# Training on a “large” dataset with the IncrementalSearchCV

In [None]:
from dask.distributed import Client

client = Client()

import numpy as np

from dask_ml.datasets import make_classification

X, y = make_classification(n_samples=5000000, n_features=20, chunks=100000, random_state=0)


Our underlying estimator is an SGDClassifier.

In [None]:
from sklearn.linear_model import SGDClassifier

model = SGDClassifier(tol=1e-3, penalty='elasticnet', random_state=0)

We also define the distribution of parameters from which we will sample:

In [None]:
params = {'alpha': np.logspace(-2, 1, num=1000),
          'l1_ratio': np.linspace(0, 1, num=1000),
          'average': [True, False]}


Finally we create many random models in this parameter space and train-and-score them until we find the best one.

In [None]:
from dask_ml.model_selection import IncrementalSearchCV

search = IncrementalSearchCV(model, params, random_state=0)

search.fit(X, y, classes=[0, 1])

Note that when we do post-fit tasks like search.score, the underlying estimator’s score method is used. If that is unable to handle a larger-than-memory Dask Array, we’ll exhaust our machines memory.
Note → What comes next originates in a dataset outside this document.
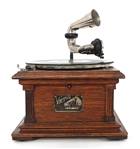 VICTOR TALKING MACHINE PHONOGRAPH WITH HORN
If we plan to use post-estimation features like scoring or prediction, it is recommended to use dask_ml.wrappers.ParallelPostFit.



In [None]:
from dask_ml.wrappers import ParallelPostFit

params = {'estimator__alpha': np.logspace(-2, 1, num=1000),
                'estimator__l1_ratio': np.linspace(0, 1, num=1000),
                'estimator__average': [True, False]}


model = ParallelPostFit(SGDClassifier(tol=1e-3,
                                      penalty="elasticnet",
                                      random_state=0))


search = IncrementalSearchCV(model, params, random_state=0)

search.fit(X, y, classes=[0, 1])

In [None]:
search.score(X, y)